5 weeks permafrost nonstop!
Svalbard, University Centre in Svalbard (UNIS) - 78°13`N 15° 38`E
31st of march 2008. 27 students from Austria, Belgium, Canada, England, Germany, Norway, Poland, Russia, Slowakia, Switzerland and the USA met at UNIS to participate at the 5-weeks lasting Msc-Course AG 330 “Permafrost and Periglacial Environments”. We all came with different backgrounds, Master-, Diploma or Phd-students but together we wanted to experience periglacial landscapes, learn about permafrost related scientific problems and discuss all the up-to-date research questions... hands-on-experience in the Arctic!
So let`s go: 30 hours of excellent lectures, 20 hours of seminars, 828 pages literature to read (urgh!!), an essay to write and presentations to give, discussions and of course a lot of field activities and a 3 hours lasting exam filled a tight schedule.

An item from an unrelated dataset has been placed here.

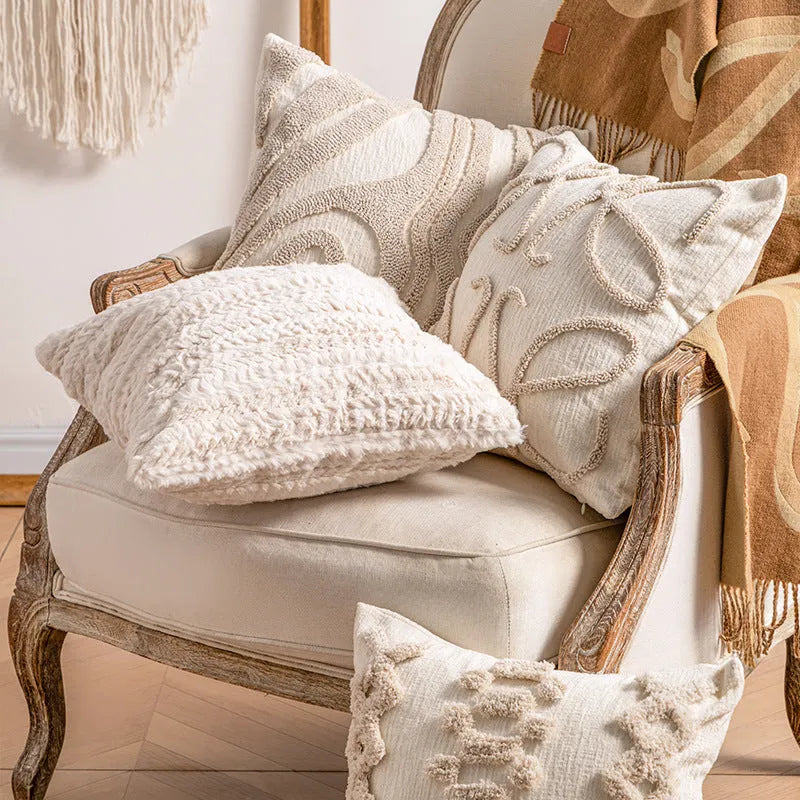 Knitted pillow cover with tassel fringe in striped pattern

Every week, the course went out to field excursion to the surrounding area of Longyearbyen. By feet, belt wagon and – yippie- snowscooter and under weather conditions varying from bright sun and blue sky to once almost white-out ... NICE!

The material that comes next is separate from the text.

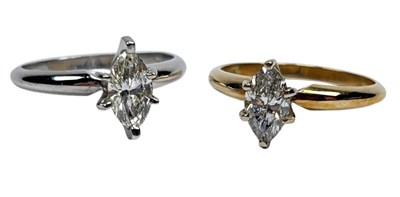Lot 19 - A Pair of Diamond Rings.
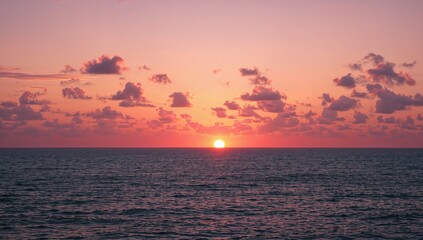 Fototapeta premium Evening Sea View with Vibrant Orange Clouds at Sunset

Within the course we got a broad knowledge and than could see all typical landscape features with our own eyes, rock glaciers, cracked ice-wedge polygons, pingos, icings (that emerged as the perfect playground for permafrost students) and so much more (like monster cornices that wait to visit Nybyen as avalanches, the part of Longyearbyen where all students from UNIS live). The field activities with my fellow students and lecturers helped me a lot to develope my diploma thesis topic about ice-wedges. We quickly became a very good team, I found great friends and beside our work we still found enough time for discussions and some spare time (e.g. for activities like digging into frozen ground…). It was a great experience to meet people from all over the world with the same kind of fever. I didnt really know what to expect before I started the course ... but over all I am so glad that I was a part of it. At least for me, I got many more questions about all that, there is so much more to do! We will come back, promised! If YOU are a young permafrost researcher who wants to participate in active research in a stimulating academic environment, I can only recommend you to come up here and join the course in 2009. (http://www.unis.no/10_STUDIES/1020_Courses/Arctic_Geology/ag_330.htm)
Thanks for a great time to our lecturers Hanne Christiansen, Ole Humlum and Hårvard Juliussen from UNIS and to our guest lecturers Toni Lewkowicz, Collin Ballantyne and Hans-Wolfgang Hubberten and of course to all my fellow AG 330 2008 students!
Steffi
P.S. Good Bye Svalbard! See you 2009?